### [Your task]
Exactly as written, give again the line with "this 350×262 image." and all subsequent lines through the end of the records.

### [The records]
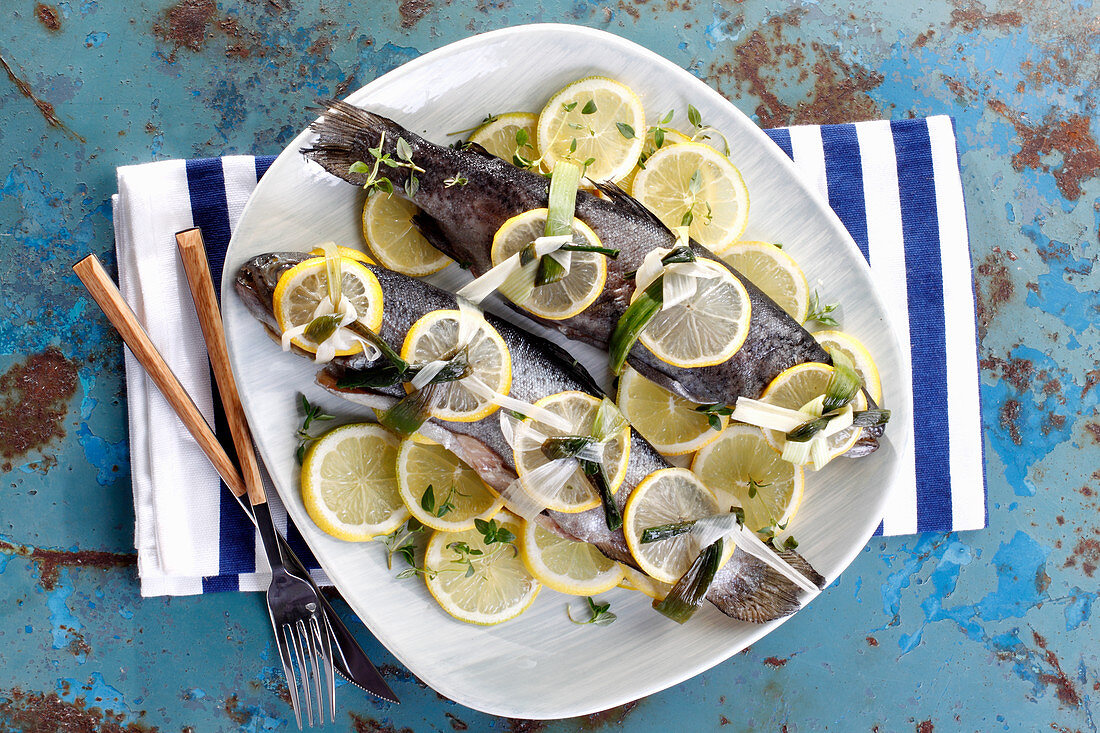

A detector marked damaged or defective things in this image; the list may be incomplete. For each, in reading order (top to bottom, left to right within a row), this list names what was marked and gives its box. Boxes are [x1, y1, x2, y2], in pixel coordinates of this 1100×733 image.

rust patch [33, 2, 61, 30]
rust patch [152, 0, 216, 54]
rust patch [396, 0, 429, 28]
rust patch [946, 0, 1020, 32]
rust patch [712, 10, 884, 127]
rust patch [0, 55, 84, 141]
rust patch [990, 100, 1100, 200]
rust patch [976, 249, 1007, 338]
rust patch [0, 345, 79, 464]
rust patch [998, 396, 1020, 442]
rust patch [0, 537, 135, 589]
rust patch [1064, 530, 1100, 576]
rust patch [1029, 629, 1082, 704]
rust patch [0, 686, 159, 730]
rust patch [352, 713, 415, 730]
rust patch [580, 695, 642, 726]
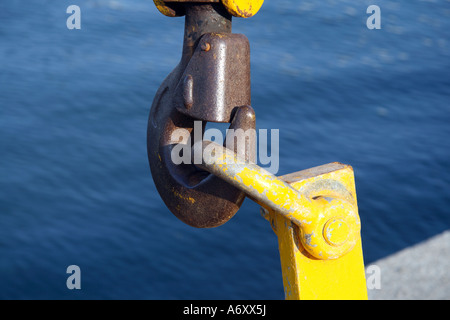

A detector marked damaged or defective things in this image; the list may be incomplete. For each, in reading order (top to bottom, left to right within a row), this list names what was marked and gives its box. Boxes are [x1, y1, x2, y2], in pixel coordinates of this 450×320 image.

rusty crane hook [148, 2, 256, 228]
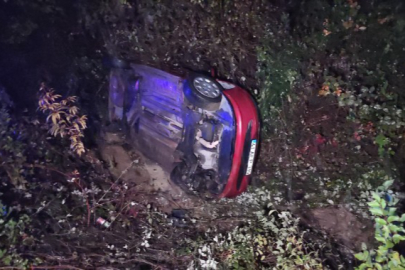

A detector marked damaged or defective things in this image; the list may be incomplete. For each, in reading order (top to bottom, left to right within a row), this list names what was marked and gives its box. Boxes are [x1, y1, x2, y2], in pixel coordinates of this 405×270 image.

damaged vehicle [106, 60, 258, 197]
overturned red car [107, 60, 258, 197]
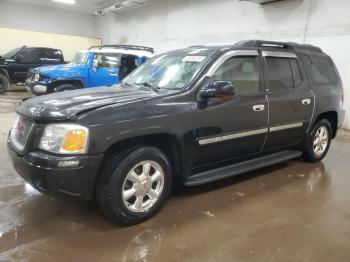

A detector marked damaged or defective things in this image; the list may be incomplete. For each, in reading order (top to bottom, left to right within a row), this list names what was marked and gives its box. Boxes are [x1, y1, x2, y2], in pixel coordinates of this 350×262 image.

damaged vehicle [26, 45, 153, 95]
damaged vehicle [7, 40, 344, 224]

### [Task output]
A detector marked damaged or defective things in this image; the list may be incomplete. For each, in reading order (top to bottom, left to right within a row), this list names what was marked and gives its box. Boxes are [x1, y1, x2, y2], in pixel coordinates of this 350×262 image.

damaged vehicle [26, 45, 153, 95]
damaged vehicle [7, 40, 344, 224]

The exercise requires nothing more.